Сжав кулаки в гневе, Виргиний хотел удалиться, но лодочник остановил его.
– Господин! А господин!
– Что еще, озерная рыба?
– Я может быть и приведу ее, если найду, только не могу ручаться.
– Куда приведешь, угорь изворотливый?
– В пустую квартиру Грецина или на чердак в альтану Турнова дома. Я ведь право, боюсь твоего дедушки пуще огня, господин.
Виргиний стал после угроз упрашивать Ловкача, сулить ему пояс с золотою пряжкой и разные другие вещи в подарок, после чего тот, как бы постепенно сдаваясь на подкуп, таинственным шепотом сообщил, будто Амальтея скрывается после разгрома усадьбы Скавра в деревне, в избе у одного из старшин, бывшего приятелем ее отца.
– У Аннея?! Я лучше туда приду к ней.
– К Аннею нельзя, господин; он всеми богами заклянется, что ее нет и не было у него; там она тебе не покажется. Деревенские боятся твоего дедушки, боятся и Брута. Амальтея, слышно, Бруту самому приглянулась; он ее ищет взять в Рим, себе в экономки, и дед твой отдает ее: спора тут не будет.
– Дед отдает. Брут берет. Да разве я-то отдам?!
– Погоди кипятиться-то, господин! За твою доброту я все устрою; за самые марсианские горы помогу тебе ее скрыть, если желаешь. Потерпи денька два; я переговорю тут с тем-другим нужным человеком и дело уладится: придет она к тебе.

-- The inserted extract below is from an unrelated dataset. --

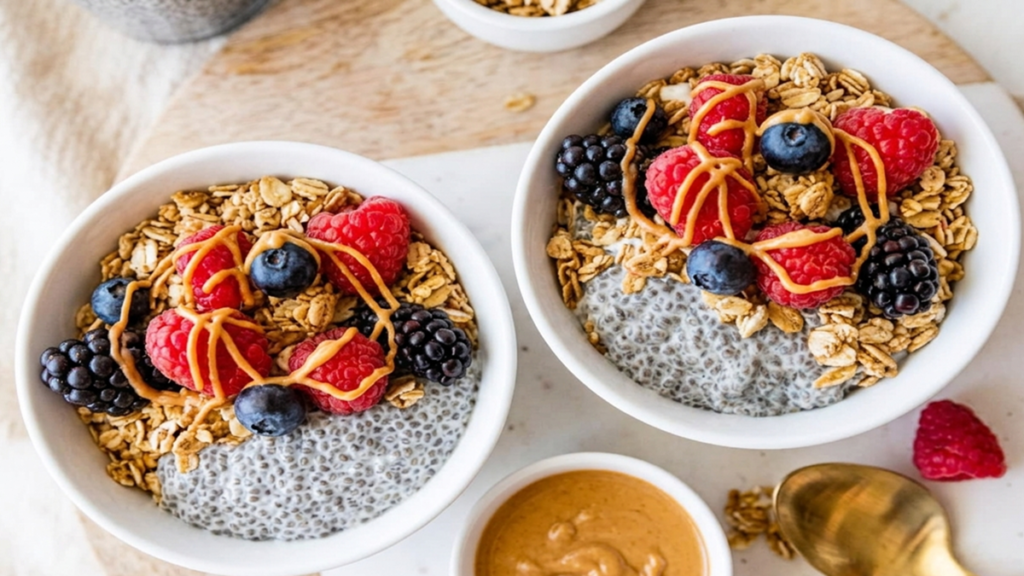 Two white bowls filled with the best chia seed protein pudding, layered with crunchy granola, fresh raspberries, blueberries, blackberries, and a creamy peanut butter drizzle.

Они расстались в отношениях лучших, нежели в каких встретились, но все-таки не совсем дружелюбно: Ловкач ухмылялся себе в кулак, а Виргиний косился и хмурился.
ГЛАВА XXXVI
Дед и внук
Виргиний много думал о своем недавно исчезнувшем друге, но не додумался до предположения, что тот одолел в борьбе напавшего на него «олицетворителя» Сильвина, то есть слугу жрецов, играющего роль лешего, и сам занял его место, чтобы самому спастись и спасать других от проскрипций тирана.
Виргиний ежедневно уходил из своей усадьбы, расположенной среди крупных каменистых возвышенностей не столь колоссальных, как Аппенины внутренних местностей полуострова Италии, но все-таки гораздо более высоких, чем холмы в Риме.
Тоскуя о запрещении ему со стороны деда ехать на войну в Этрурию, юноша бродил мерным военных шагом то по крутым тропинкам, ведущим вверх, к открытым вершинам, пробираясь сквозь тенистые леса, то по расстилающимся коврами лугам, которые пестрели благоуханными гиацинтами и иными цветами вечно зеленой Италии.
Задумчиво глядел он сверху на ручьи, текущие с гор в повсеместную болотную топь необъятной Мареммы, производительницы знаменитых римских лихорадок, прислушиваясь, как шумят, точно о чем-то разговаривая, длинноиглые сосны.
Иногда он склонялся над пропастью с выступа утеса, беседовал с местными поселянами, полудикими, невежественными, одетыми в шкуры козлов и баранов или вычурно испещренную узорами домашнего тканья и вышиванья холстину, с затейливыми шляпами и колпаками на головах, самых причудливых фасонов, с лентами, перьями, деревянными бусами.
Местность была красива, живописна, но ее нельзя было назвать веселою.
Унылая болотная топь среди суровых, каменистых и лесистых гор. Она наводила тоску одинаково в душу чуткого человека, и в хмурое, и в ясное утро, при солнце и под тучей, когда она мчится тяжелая, точно гневная, роняя дождь и молнии, указывая людям на их ничтожество перед мощью стихии.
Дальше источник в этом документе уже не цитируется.